Finally, a third reason for opposing a trade in PCAs appeals to the claim that such a trade will worsen existing social injustices. We would not, according to this view, be concerned about a trade in PCAs if we lived in a just society. But given that we do not live in a just society—because distributions of goods in society are the result of historical injustices, or because they do not satisfy wider egalitarian principles of justice—we ought not to allow a trade in PCAs. Rather, we ought to distribute PCAs in a just manner and insulate that distribution against the unequalizing effects of the market.

In what sense would a trade in PCAs worsen existing injustices? Not in the sense of giving the rich more overall or the poor less overall. When a rich agent buys a PCA from a poor agent, the value of each agent's overall holdings remains unchanged, since the value of the PCA is equal to the value of the money transferred. The only sense in which a trade in PCAs would worsen existing injustices is in the sense that the rich would, because of the injustice, have greater access than the poor to emission-dependent goods. But why arbitrarily pick out access to emission-dependent goods? The rich may have greater access to emission-dependent goods if PCAs are tradable than if they are not, but they would also have less access to other goods (because they will have spent some of their money on PCAs), and the poor will have more access to other goods (because they have earned money by selling PCAs). The real problem is the underlying injustice, and that cannot be remedied simply by prohibiting a trade in PCAs. So, like the previous two arguments, I conclude that this third argument also fails to provide a convincing case for rationing PCAs.

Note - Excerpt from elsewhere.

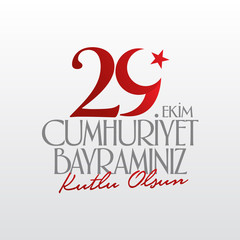 29 ekim Cumhuriyet Bayrami. Translation: 29 october Republic Day Turkey and the National Day in Turkey, wishes card design. (TR: 29 Ekim Cumhuriyet Bayrami Kutlu Olsun.)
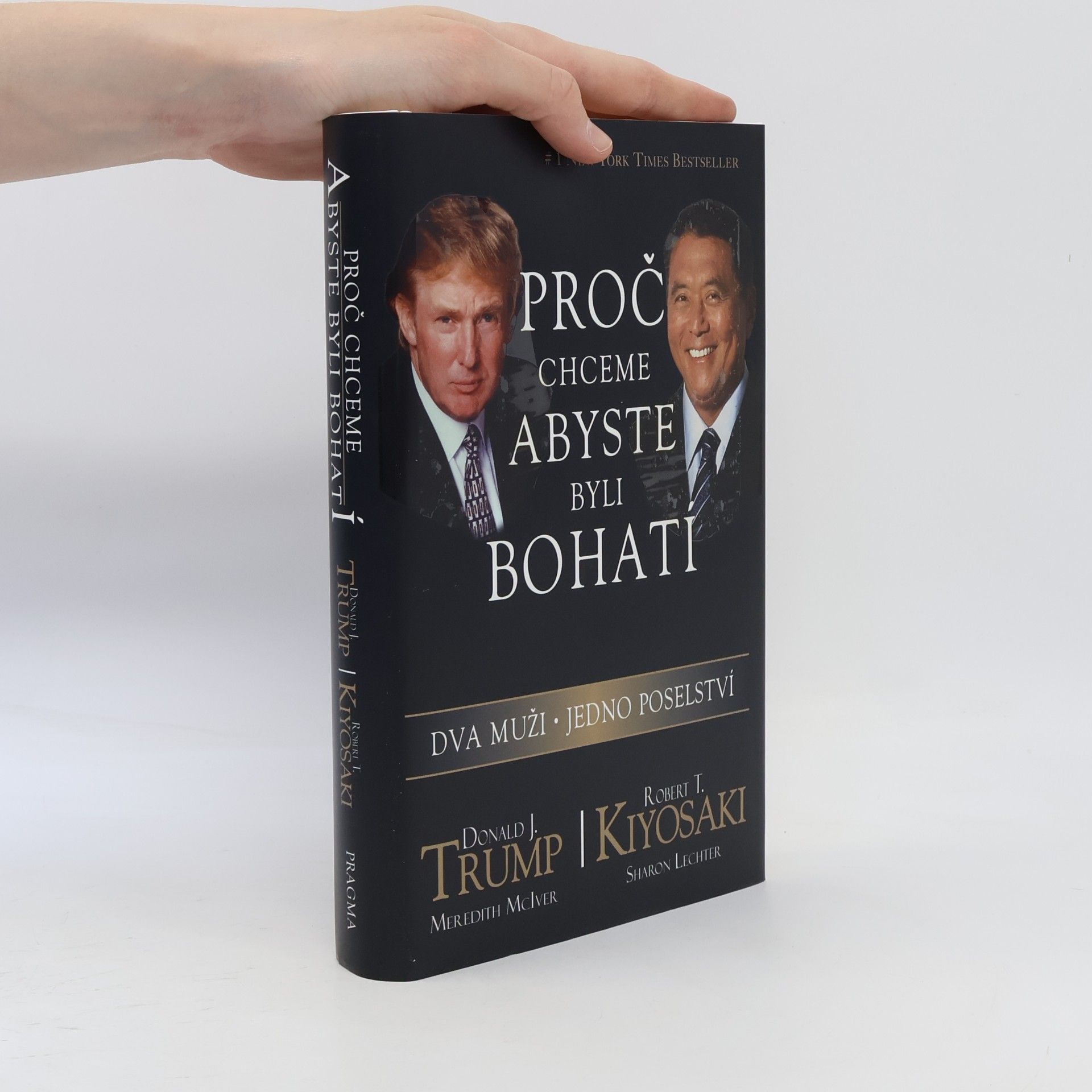 Donald Trump Proč chceme, abyste byli bohatí. Dva muži - jedno poselství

4. The Initial Distribution Case

The second rationale for a concern with the distribution of PCAs is a desire to ensure that PCAs are introduced into the market in a fair manner. The initial distribution case, unlike the rationing case, has no objection to PCAs being tradable. The task facing those who are moved by this rationale is to identify the norm that should regulate the fair introduction of PCAs into the market. The proposal that has received most attention is the proposal that everyone should be given an equal share of available PCAs.18 But there are other proposals for introducing PCAs into the market worth examining, and in particular we ought to examine the normative merits of proposals that mirror methods already used, or widely supported, to regulate the distribution of emission rights to states or industrial firms. Insofar as is possible, we should seek normative consistency across the board: if there is a case for using one distributional rule for states or industrial firms then the normative appeals on which that case depends may provide a prima facie case for using the same distributional rule for PCAs. Of course it might turn out that the force of the normative appeals does not extend to PCAs because of differences between individuals, states and firms, or that even in the international or industrial case the adopted distributional rules are not in fact justifiable; but only by examining the normative merits of the proposals can we make such a determination.

4.1 Auctioning PCAs

One proposal that is already used to distribute some emission permits to industry under the EU ETS, and which is supported in some civil society groups and think tanks as the best way to distribute permits to industry more widely,19 is the proposal that governments auction permits. Should auctioning be used to distribute PCAs to individuals? One objection to auctioning PCAs to individuals is that it links access to emission-dependent goods to ability to pay, thereby failing to take advantage of the opportunity that PCAs afford to distribute access to emission-dependent goods in a more egalitarian manner. A more fundamental objection to auctioning PCAs begins with the observation that, in order to sell something, however the proceeds of the sale are spent, one must enjoy rights to the item sold. Auctioning assumes that governments enjoy such rights: if they do not, then governments can no more auction PCAs than can a thief auction his ill-gotten gains. So do governments have rights to PCAs? Certainly, at the international level, it is to governments that emission quotas are allocated. Why shouldn't governments have rights to divide up these quotas and sell them? The important point is that international negotiations are not about giving governments emission quotas for their own use, but for the use of their citizens and industries. Governments are, in this respect, in the position of trustees in charge of a bequest, or a charity in receipt of money intended to help the poor; they are not in the position of the ultimate beneficiaries of the bequest or charitable donation. Quotas are assigned to governments so that they can distribute them fairly among the various claimants within their jurisdiction. They are not assigned to governments so that they can make money by selling them.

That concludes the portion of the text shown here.